What you give must be the lines from the one containing "Caixa Porta Alianças Casamento Linho Cru" through the last line of the listing below, exactly, with nothing else and no pictures.

▶ Data excerpt:
◇ ◇ ◇ ◇ ◇ ◇ ◇
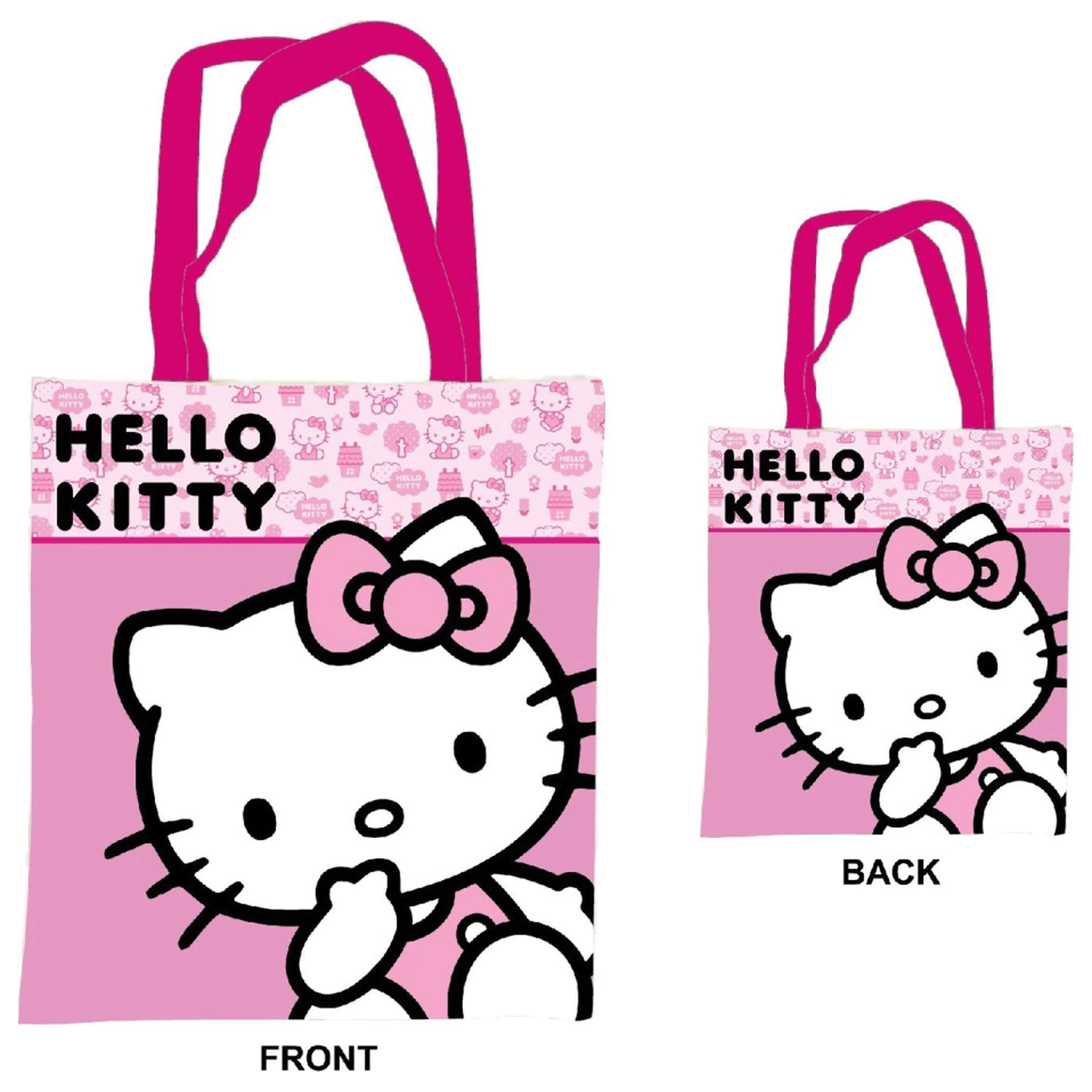 Hello Kitty Pink Canvas Einkaufstasche, Tragetasche 44 cm Produktfoto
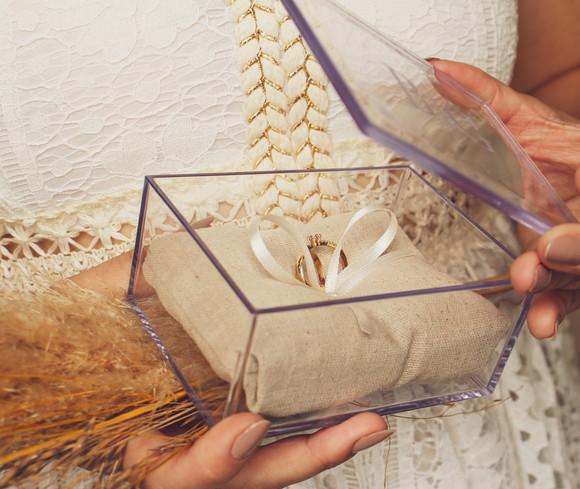 Caixa Porta Alianças Casamento Linho Cru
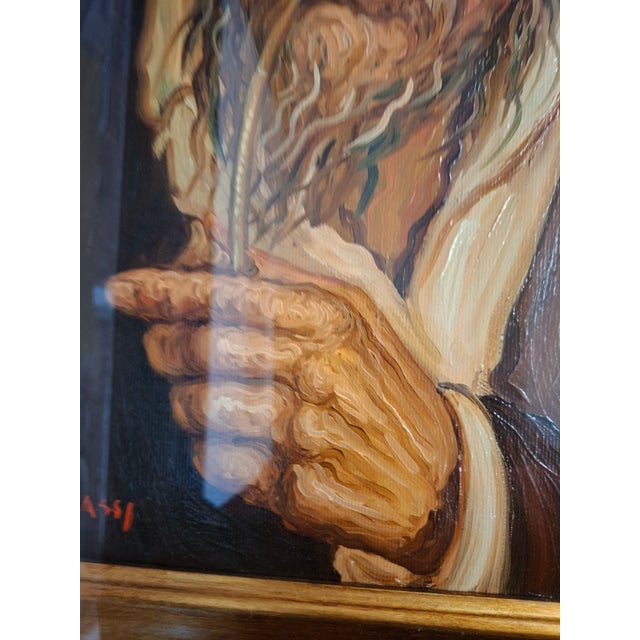 Tullio Grassi, Man with Pipe, 1980, Oil on Canvas, Framed For Sale - Image 7 of 12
◇ ◇ ◇ ◇ ◇ ◇ ◇
▶ Exercise solution:
 Caixa Porta Alianças Casamento Linho Cru
 Tullio Grassi, Man with Pipe, 1980, Oil on Canvas, Framed For Sale - Image 7 of 12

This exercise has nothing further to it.